--- RECORDED DATA ---
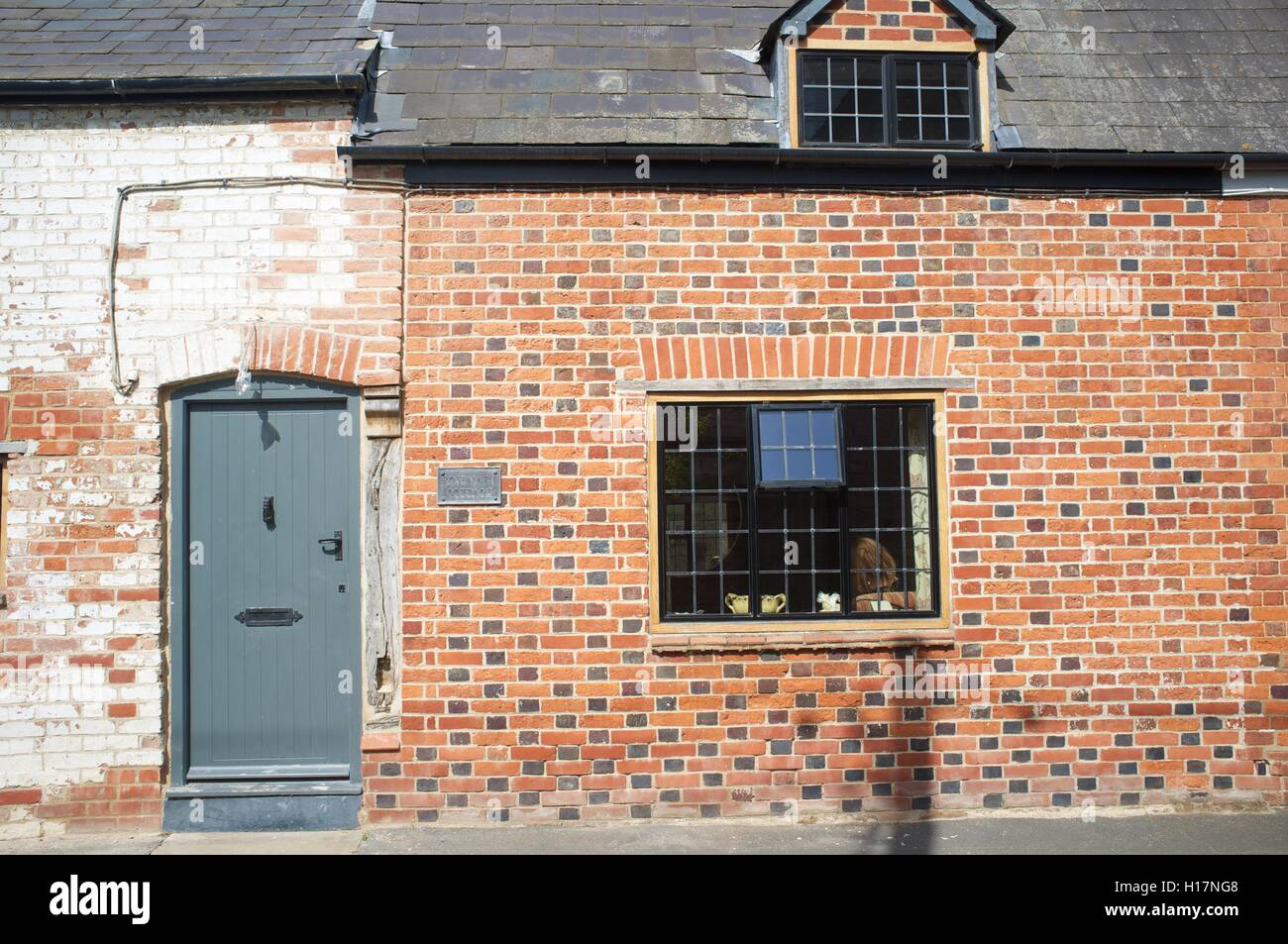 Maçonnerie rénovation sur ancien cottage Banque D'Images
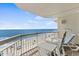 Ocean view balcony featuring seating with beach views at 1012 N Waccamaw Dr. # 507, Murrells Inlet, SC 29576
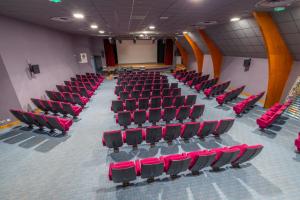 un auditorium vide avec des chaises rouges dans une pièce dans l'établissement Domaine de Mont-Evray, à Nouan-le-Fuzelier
---
All of the data must be repeated exactly, except for the pictures.

- ANSWER TO THE PROBLEM:
 Maçonnerie rénovation sur ancien cottage Banque D'Images
 Ocean view balcony featuring seating with beach views at 1012 N Waccamaw Dr. # 507, Murrells Inlet, SC 29576
 un auditorium vide avec des chaises rouges dans une pièce dans l'établissement Domaine de Mont-Evray, à Nouan-le-Fuzelier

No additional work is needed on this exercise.